NB: I very deliberately use the phrase 'what matters to your audience' above - rather than 'what interests them', because I'm not advocating taking a superficial approach and only telling your community about cool stuff they already care about. We can tell them things they don't know they need to know! Sometimes they wouldn't choose to hear it in advance, but they thank us afterwards. So it's very much what matters to them, whether they realise it before the session or not.

There's no excuse for telling an audience things which don't matter at all - unless it's a small part of your presentation, to serve a particular purpose.

Telling people everything we know

I don't wish to generalise but a lot of times Librarians give out too much information, particularly early on in a relationship between the institution and the user. Induction or Welcome talks often contain vast swathes of detail, or a talk at a conference will include ALL the info about a particular project - and often this can actually get in the way of the message. After a while the audience gets overwhelmed and starts to filter, or just switch off. We can only retain so much new information at one time.

So when crafting a talk or presentation, the starting point should not be 'What do I know about this subject?' but specifically what do the audience want to know about this subject, that I can tell them?

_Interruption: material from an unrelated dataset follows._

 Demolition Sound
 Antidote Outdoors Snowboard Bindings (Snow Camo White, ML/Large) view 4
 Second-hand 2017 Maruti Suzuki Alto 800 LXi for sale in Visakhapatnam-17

Missing out on the over-lap

There's a second, more subtle, factor here. The over-lap of what matters to your audience and what you know about can also include things which aren't part of your core message. In other words, you can establish your credibility with your audience by telling them things which matter to them, and THEN telling about the library's relevance to them - they're more inclined to take you seriously if you aren't just advocating for your own service or value. I use this a lot in infolit teaching - I'll tell the students about internet privacy, different search engines, how to use social media in an academic context etc, as well as telling them about what the library does and how to use databases effectively. Because it's in the overlap of the diagram above - I know about this stuff, and it matters to my audience. What's really interesting is when I started doing this *rather than just talking about the library) the feedback, both the scores and the qualitative feedback, went up hugely; they really liked the sessions. But when they're asked to rate the most useful part of the session, the vast majority mention the bits about the library!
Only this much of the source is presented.